## DATA RECORDS:
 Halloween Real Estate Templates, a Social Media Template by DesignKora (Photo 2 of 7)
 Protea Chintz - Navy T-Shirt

* * *

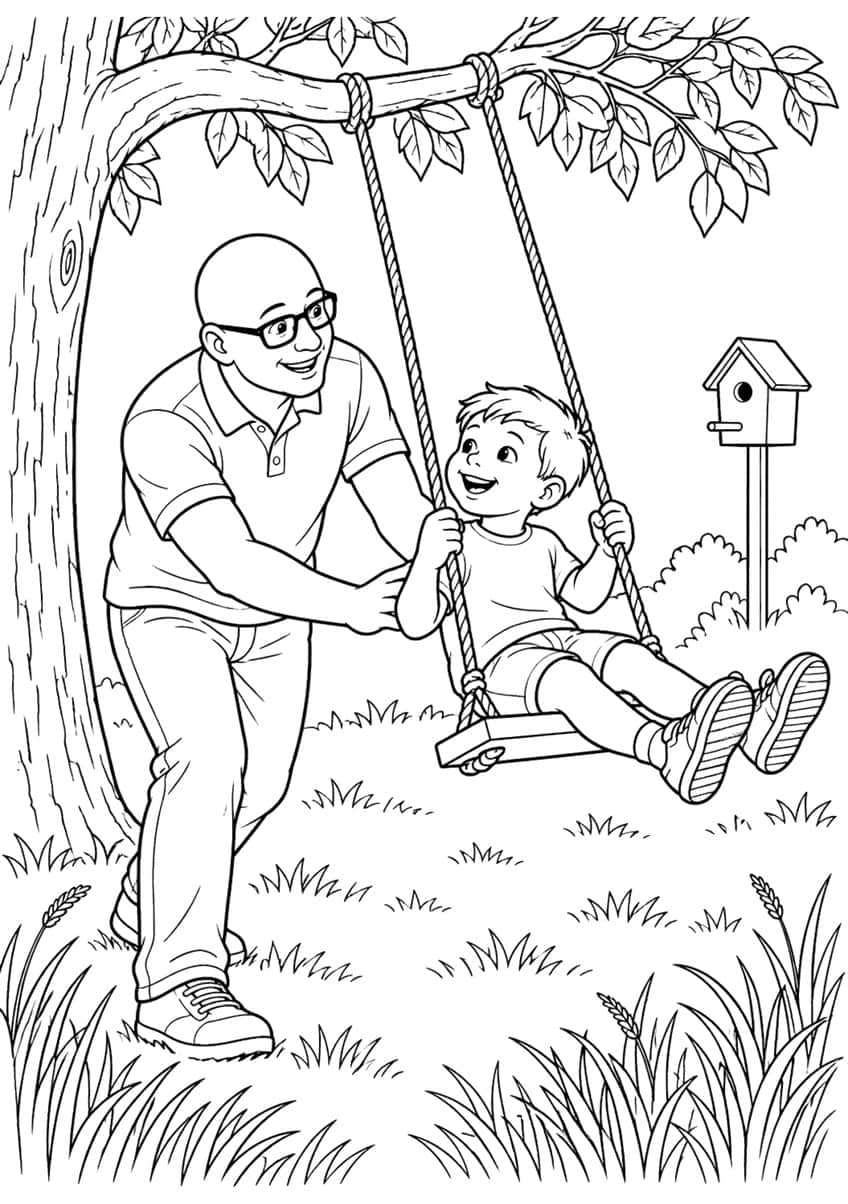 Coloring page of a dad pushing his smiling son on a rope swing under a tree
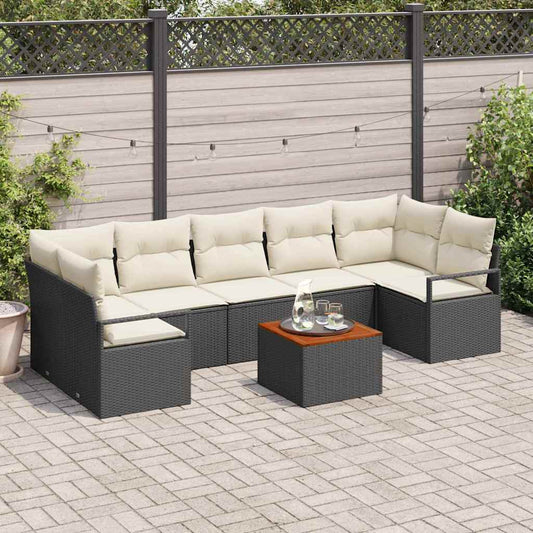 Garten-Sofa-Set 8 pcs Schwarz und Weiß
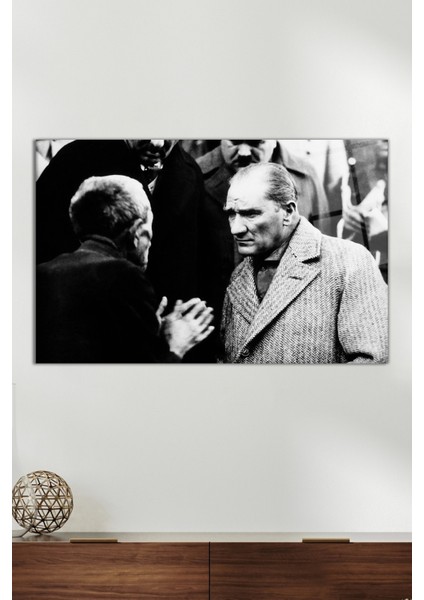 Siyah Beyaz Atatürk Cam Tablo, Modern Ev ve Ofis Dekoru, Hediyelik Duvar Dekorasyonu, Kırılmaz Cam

## TASK PROMPT:
An exact copy is needed of the entries above, starting at the line that holds "Garten-Sofa-Set 8 pcs Schwarz und Weiß" and stopping at the line that holds "Siyah Beyaz Atatürk", both kept; pictures stay out.

## RESULT:
 Garten-Sofa-Set 8 pcs Schwarz und Weiß
 Siyah Beyaz Atatürk Cam Tablo, Modern Ev ve Ofis Dekoru, Hediyelik Duvar Dekorasyonu, Kırılmaz Cam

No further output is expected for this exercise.